I am a rising sophomore intending on majoring in Politics, Philosophy, and Economics. I am interning with the Downtown Detroit Partnership (DDP), a nonprofit organization that works with small businesses and tech companies to create community building and Diversity, Equity, and Inclusion (DEI) focused events. The team I am working with is the Parks + Public Spaces sector: I am involved in the planning of “Past Forward” which is a festival honoring Detroit’s Black Wall Street, 35 city blocks of thriving shops, hotels, theaters and businesses that were Black-owned. The district was founded by Black men and women. I also have participated in the planning of Juneteenth and Immigrant Heritage Month events as well as general weekly community park events like movie nights and workouts. By working with minority-owned organizations that enhance the park events and build community, the DDP aims to create safe, inclusive, and accessible park spaces by keeping this input of minorities and lower income communities at the forefront of their work.

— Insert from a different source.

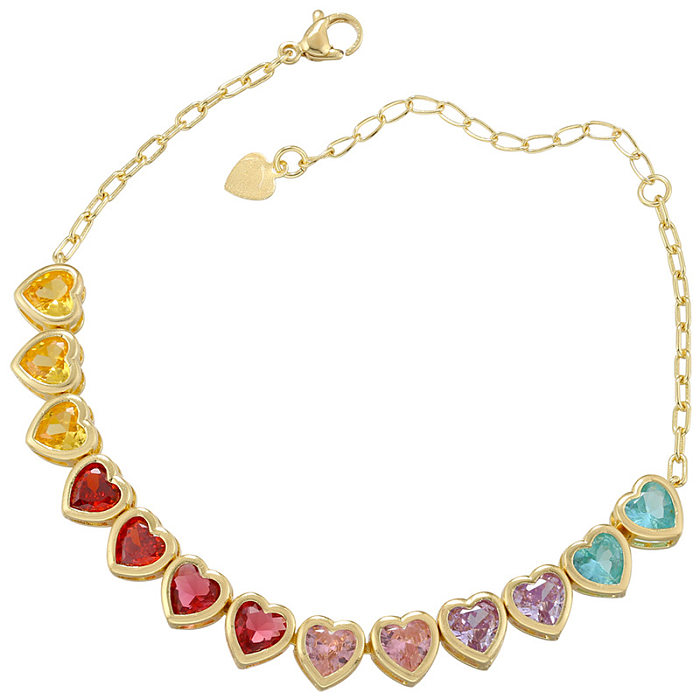 Collar de pulseras de circón con incrustaciones de cobre en forma de corazón de estilo simple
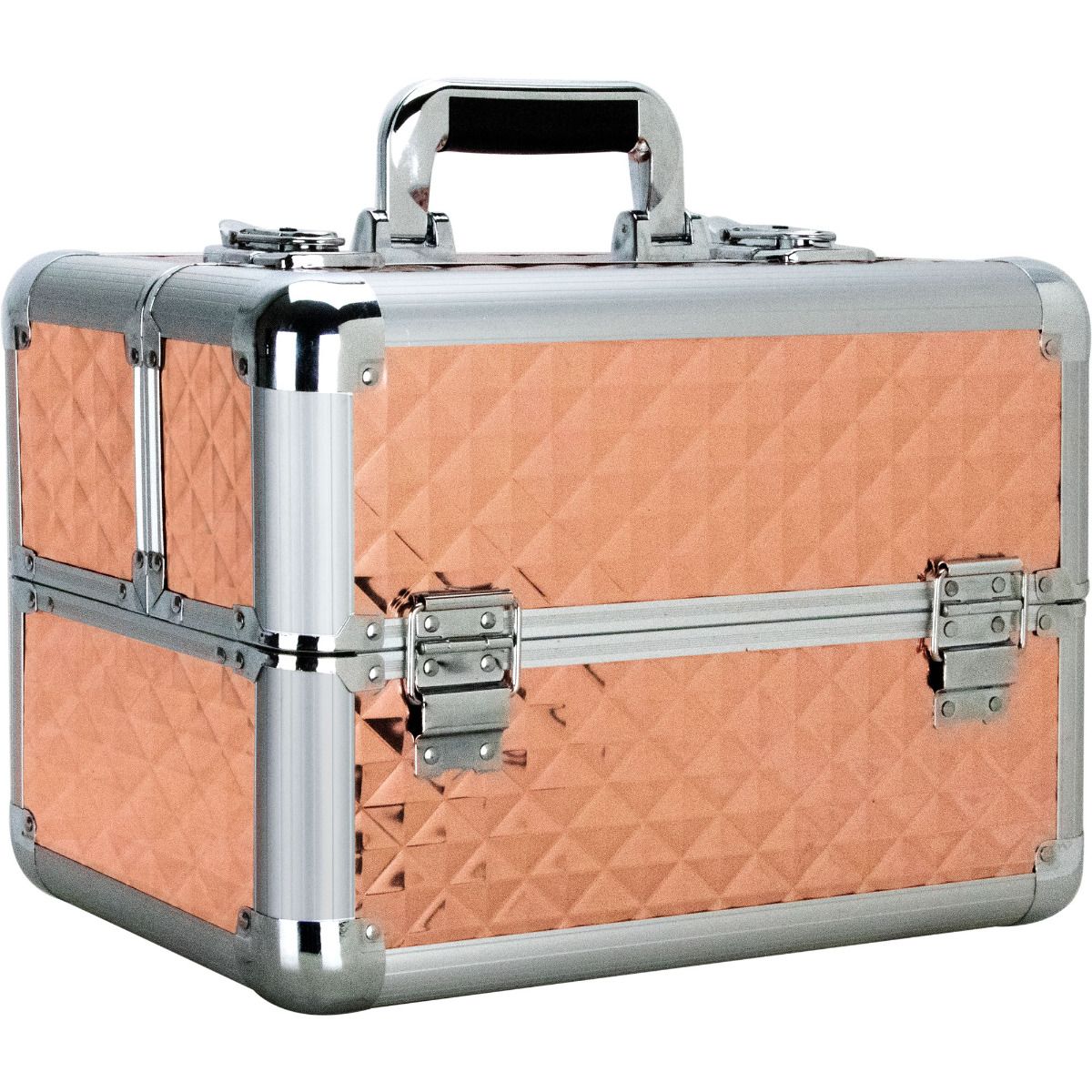 Vp007-85 4 Extendable Trays Professional Cosmetic Makeup Case With Dividers, Rose Gold Diamond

I’m a rising junior majoring in psychology and minoring in community action and social change. I'm interning with the Detroit Food Academy, which provides youth with resources and information to make nutritious, delicious meals. DFA also teaches social and emotional learning skills and financial literacy to support Detroit youth's development. I am collecting data through interviews, focus groups and surveys to help DFA with its mission and programming. Also, I am creating social media content highlighting DFA’s summer program activities. This work is essential due to food insecurity being a huge issue in urbanized areas such as Detroit. The lack of healthy, affordable, and high-quality nearby grocery stores/restaurants makes having nutritionally-dense meals difficult for local residents. Thankfully, programs such as DFA are working to improve youth’s diets by offering healthy eating choices and habits. During this time, I believe I will learn a lot about the benefits of nutrition and well-being. I hope to share these experiences and resources with others to inspire healthy living.